WWII soldier's remains return to New Orleans, after 70 years in unmarked grave

WWII soldier's remains return to New Orleans, after 70 years in unmarked grave

NEW ORLEANS, LA (WVUE) - A WWII soldiers remains will return home to New Orleans next week, after nearly 70 years in an unmarked grave on a Pacific Island. Private Earl Keating died in 1942, and now the return of his remains brings his family closure.

"It was a fierce battle. The Japanese were using machetes to cut. Poor soul," says Keating's second cousin Sue du Treil.

du Treil tries to imagine the horrible last hours of her second cousins life. New Orleans native Private Earl Keating served in the 126th Infantry Regiment, 32nd Division. Japanese invaders killed him and other soldiers on December 5th 1942 on Papua, New Guinea.

"While he was training he met John Klopp who ended up going to New Guinea with him," said du Treil. They were wrapped in the same tarp and buried them in a shallow grave."

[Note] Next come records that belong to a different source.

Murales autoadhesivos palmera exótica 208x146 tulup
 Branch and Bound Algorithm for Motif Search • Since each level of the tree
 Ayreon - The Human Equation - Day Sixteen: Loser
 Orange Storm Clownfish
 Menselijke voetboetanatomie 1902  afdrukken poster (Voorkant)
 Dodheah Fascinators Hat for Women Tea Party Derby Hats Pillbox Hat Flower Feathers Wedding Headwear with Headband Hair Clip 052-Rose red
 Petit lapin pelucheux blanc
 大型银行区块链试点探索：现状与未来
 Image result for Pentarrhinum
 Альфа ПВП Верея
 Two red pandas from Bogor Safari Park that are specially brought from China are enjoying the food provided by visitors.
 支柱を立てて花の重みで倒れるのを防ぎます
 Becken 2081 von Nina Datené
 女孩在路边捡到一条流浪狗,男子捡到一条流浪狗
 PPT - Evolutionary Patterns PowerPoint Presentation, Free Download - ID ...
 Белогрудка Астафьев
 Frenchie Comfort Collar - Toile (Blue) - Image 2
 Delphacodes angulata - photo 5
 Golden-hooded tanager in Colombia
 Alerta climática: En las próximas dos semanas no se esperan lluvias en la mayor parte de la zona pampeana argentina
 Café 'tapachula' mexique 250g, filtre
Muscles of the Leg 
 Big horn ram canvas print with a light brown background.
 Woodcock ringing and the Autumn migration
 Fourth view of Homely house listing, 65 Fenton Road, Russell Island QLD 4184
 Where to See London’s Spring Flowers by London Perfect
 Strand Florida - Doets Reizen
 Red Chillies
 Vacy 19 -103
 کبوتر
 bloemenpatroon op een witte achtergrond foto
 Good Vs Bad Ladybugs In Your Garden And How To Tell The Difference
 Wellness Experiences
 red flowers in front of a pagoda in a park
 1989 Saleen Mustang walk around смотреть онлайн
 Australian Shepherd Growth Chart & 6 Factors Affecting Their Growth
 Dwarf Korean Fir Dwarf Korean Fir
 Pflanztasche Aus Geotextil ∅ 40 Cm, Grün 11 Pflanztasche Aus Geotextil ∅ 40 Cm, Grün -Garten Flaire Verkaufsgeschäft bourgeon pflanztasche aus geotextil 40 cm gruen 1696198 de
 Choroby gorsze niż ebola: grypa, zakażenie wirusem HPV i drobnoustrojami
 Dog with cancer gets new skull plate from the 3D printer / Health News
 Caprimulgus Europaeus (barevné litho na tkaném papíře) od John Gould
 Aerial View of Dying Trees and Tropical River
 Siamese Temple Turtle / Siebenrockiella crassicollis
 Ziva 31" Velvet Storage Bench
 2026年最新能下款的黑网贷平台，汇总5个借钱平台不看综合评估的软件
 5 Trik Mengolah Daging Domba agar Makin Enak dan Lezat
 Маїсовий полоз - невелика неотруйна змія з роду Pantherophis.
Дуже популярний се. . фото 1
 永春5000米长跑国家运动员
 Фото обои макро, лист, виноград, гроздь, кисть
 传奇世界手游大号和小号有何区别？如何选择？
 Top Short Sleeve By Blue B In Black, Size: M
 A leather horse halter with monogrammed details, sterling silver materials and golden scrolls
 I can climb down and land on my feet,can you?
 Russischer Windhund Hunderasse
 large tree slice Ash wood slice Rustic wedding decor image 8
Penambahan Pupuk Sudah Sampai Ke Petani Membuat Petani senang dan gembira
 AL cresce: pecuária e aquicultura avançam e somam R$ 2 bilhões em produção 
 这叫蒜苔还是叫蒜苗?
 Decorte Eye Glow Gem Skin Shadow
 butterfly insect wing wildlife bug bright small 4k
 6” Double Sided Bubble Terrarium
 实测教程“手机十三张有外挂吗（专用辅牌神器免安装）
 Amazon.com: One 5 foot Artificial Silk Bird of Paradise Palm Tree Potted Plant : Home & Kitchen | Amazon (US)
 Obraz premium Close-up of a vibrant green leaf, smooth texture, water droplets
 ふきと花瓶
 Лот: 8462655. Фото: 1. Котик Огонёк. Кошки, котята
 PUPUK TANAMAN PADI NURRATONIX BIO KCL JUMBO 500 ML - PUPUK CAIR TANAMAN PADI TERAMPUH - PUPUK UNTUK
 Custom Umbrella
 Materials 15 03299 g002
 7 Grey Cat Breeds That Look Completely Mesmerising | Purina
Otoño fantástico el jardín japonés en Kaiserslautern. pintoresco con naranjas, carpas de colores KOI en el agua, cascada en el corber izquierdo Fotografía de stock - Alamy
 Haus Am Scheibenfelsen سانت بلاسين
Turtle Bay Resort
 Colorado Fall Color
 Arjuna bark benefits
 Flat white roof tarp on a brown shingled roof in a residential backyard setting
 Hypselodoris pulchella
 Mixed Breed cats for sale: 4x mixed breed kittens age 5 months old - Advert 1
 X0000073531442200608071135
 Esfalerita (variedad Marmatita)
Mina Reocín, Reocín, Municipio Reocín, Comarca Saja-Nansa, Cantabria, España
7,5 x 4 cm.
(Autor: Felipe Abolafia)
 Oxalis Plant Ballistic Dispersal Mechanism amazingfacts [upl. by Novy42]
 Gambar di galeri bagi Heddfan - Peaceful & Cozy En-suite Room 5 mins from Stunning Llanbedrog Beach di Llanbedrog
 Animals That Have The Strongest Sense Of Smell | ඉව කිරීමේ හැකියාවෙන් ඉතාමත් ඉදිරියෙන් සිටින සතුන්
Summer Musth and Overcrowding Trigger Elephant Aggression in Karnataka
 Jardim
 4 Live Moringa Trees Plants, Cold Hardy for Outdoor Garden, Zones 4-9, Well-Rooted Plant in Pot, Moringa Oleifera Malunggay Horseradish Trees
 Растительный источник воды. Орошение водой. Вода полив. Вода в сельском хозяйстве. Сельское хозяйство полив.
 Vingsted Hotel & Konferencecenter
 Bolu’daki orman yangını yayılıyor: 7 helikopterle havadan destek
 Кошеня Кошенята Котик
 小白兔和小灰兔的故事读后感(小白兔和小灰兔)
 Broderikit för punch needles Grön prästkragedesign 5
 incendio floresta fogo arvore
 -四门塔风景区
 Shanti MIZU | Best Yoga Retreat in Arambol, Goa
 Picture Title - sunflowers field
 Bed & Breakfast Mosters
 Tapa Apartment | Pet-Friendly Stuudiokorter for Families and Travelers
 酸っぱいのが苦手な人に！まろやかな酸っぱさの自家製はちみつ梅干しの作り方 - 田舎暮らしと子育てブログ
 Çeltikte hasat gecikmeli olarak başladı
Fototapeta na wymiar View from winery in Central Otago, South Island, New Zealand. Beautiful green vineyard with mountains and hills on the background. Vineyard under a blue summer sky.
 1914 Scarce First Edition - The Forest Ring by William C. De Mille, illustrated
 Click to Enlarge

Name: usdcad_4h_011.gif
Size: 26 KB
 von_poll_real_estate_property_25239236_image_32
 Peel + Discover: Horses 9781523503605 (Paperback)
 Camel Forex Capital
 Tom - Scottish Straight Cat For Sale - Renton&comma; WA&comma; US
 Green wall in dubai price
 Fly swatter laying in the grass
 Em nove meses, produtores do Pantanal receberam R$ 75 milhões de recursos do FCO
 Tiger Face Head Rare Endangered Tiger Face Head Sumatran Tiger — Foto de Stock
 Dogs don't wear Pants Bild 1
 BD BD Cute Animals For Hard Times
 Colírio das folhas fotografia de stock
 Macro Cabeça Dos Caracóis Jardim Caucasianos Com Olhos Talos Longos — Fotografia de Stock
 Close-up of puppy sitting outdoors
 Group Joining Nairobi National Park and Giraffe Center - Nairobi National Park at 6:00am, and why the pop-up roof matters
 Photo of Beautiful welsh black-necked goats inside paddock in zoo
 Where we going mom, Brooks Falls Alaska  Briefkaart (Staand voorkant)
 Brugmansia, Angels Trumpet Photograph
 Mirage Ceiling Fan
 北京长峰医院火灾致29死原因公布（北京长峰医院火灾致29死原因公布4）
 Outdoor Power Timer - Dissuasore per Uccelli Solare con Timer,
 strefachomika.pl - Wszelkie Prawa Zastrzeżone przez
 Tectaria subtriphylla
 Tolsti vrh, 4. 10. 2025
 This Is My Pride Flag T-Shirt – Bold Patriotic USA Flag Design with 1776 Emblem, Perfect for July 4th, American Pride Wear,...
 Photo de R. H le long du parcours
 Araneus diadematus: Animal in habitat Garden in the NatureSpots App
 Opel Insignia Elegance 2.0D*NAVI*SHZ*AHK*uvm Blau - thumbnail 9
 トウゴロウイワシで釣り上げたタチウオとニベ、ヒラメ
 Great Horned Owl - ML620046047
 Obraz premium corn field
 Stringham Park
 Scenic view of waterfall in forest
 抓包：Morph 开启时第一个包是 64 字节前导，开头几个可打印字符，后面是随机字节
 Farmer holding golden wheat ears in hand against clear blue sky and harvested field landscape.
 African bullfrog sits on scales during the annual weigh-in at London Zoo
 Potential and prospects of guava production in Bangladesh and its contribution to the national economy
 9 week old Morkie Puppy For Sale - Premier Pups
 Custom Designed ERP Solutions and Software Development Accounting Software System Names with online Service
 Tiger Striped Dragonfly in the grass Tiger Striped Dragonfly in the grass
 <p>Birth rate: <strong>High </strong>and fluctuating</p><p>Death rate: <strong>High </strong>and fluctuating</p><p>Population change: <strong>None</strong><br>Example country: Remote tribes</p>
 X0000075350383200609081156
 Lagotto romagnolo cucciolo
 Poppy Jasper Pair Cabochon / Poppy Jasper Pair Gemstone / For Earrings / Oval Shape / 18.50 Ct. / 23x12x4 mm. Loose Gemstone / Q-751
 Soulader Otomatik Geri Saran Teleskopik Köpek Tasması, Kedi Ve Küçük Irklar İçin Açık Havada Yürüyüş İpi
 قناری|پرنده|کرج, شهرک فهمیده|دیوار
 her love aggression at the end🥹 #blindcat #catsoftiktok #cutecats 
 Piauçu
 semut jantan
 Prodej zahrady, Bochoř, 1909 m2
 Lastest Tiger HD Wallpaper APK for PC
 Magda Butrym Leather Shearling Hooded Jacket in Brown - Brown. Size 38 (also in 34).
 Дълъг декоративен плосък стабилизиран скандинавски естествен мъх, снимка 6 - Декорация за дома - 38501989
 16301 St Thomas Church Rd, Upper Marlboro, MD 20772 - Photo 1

Keating's nephew du Treil Keating was a baby when his uncle died. He promised his dad would never stop trying to find his brother's remains were. Sue says the focus of du Treil's life was to bring his uncle home.

It was 2011 when a native found the dog tags and buttons that led to the primitive grave site.

"Most of his skull, arms and legs and most of his teeth,"said Sue explaining what was left in the grave.

DNA from Sue and other relatives proved it was Keating. She says Keating's mother wrote to the Army that before her son left she gave him a sheaffer pen. That pen was buried with Keating. He had held on to it until the end.

Some of Keating's remains were buried at Arlington National Cemetery. Klopps remains were laid to rest next to him, as they had been for 70 years. Sue and other family members were there. The majority of the remains of the New Orleans native, Jesuit and Delgado graduate will come home.

Earl Keating's remains will be buried in St. Joseph's Cemetery with full military honors. He will be in a family plot beside his mother and other relatives.

Sue du Treil feels a connection to this man, her grandfather's sisters son,  whose life was cut short at the age of 28. He is family.

"I've never met him but if he walked in the door right now I would give him a big hug and kiss," she said. "He's a part of me."